# Lighthouse Gets a Face Lift



## toddalin (Jan 4, 2008)

Many of us have the ubiquitous solar-powered lighthouse that was sold for years at places like Wallymart. The lower portion is ceramic and should last longer than I will, but the upper structure is made of iron and rusts out, flaking off in big chunks.

A few years ago I could see the writing on the wall and when one of my favorite surplus electronic suppliers had clear glass high-tension insulators for a couple bucks, the obvious solution presented itself.

The lighthouse could have made it through 1 or 2 more years, but was looking long in the tooth.
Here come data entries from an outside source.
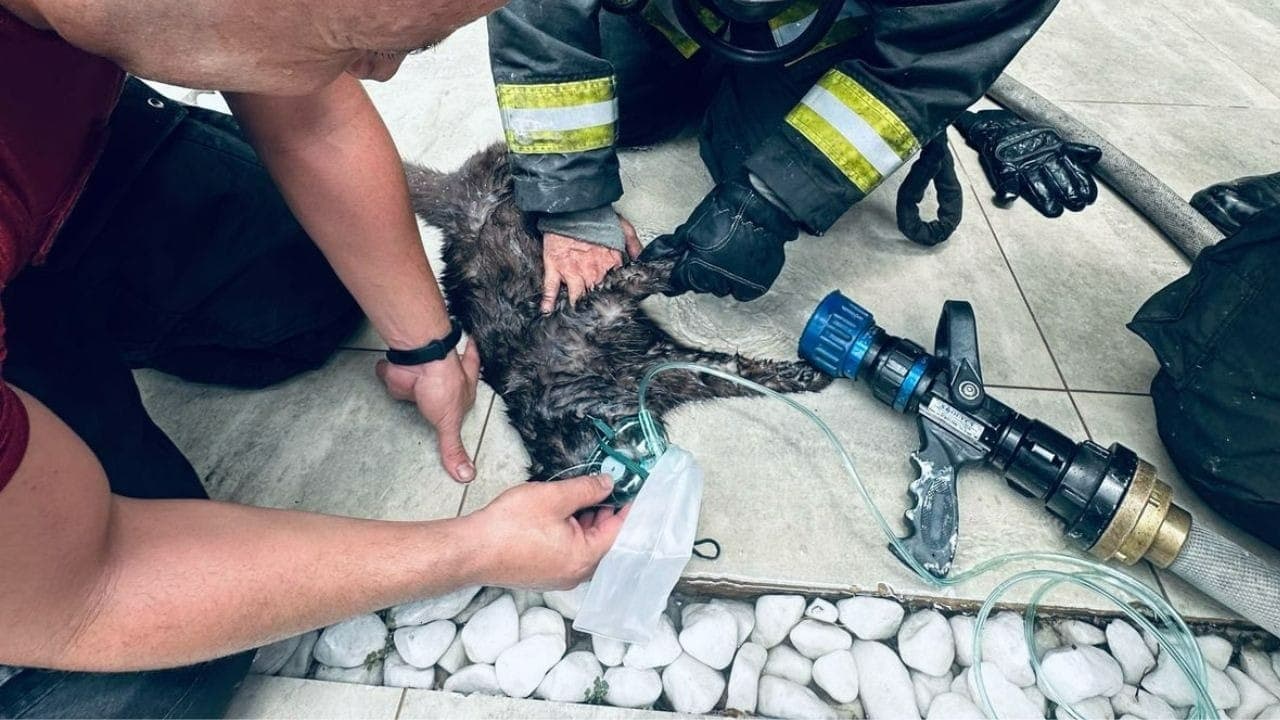 Gato é resgatado pelos Bombeiros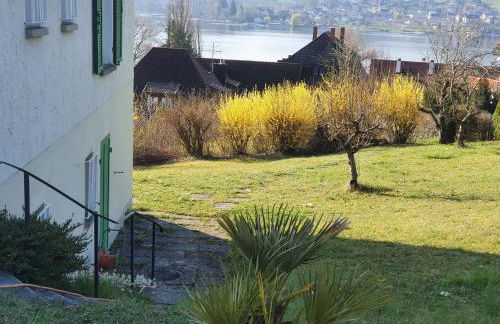 Ferienwohnung Seegarten - Foto 4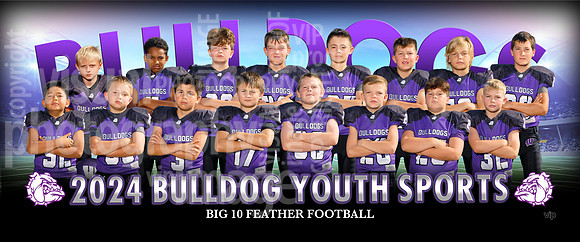 big10feather
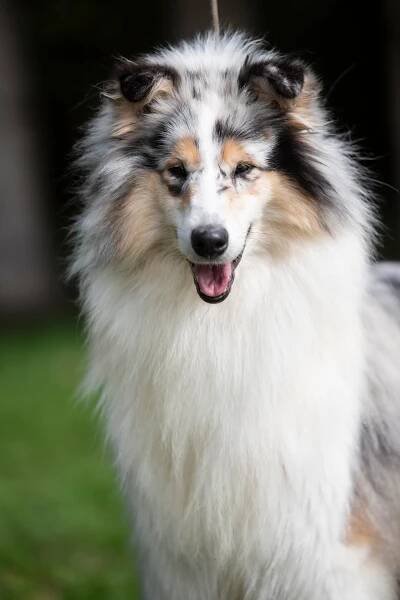Collies of the Holy Mountain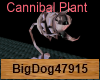 [BD] Cannibal Plant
The existing iron easily came apart and pealed off the ceramic base (held on with silicone adhesive).

The new "platform" is a 6" diameter, stainless steel, "clean-out" cover so should easily withstand the elements. A hole was drilled for drainage so that water doesn't puddle and get into the electronics. Galvanized wire cloth was used to make a new fence so that the lighthouse keeper doesn't take the high dive.

Three LED (white, flashing red, and flashing green) were mounted to a plasti-chrome reflector, upside down, so that the back of the plasti-chrome sits up into the recess of the insulator. Finally, a plasti-chrome bolt cover (for a license plate bolt) was CA'ed to inside top of the insulator as a convex mirror to reflect the LEDs and add scatter.


----------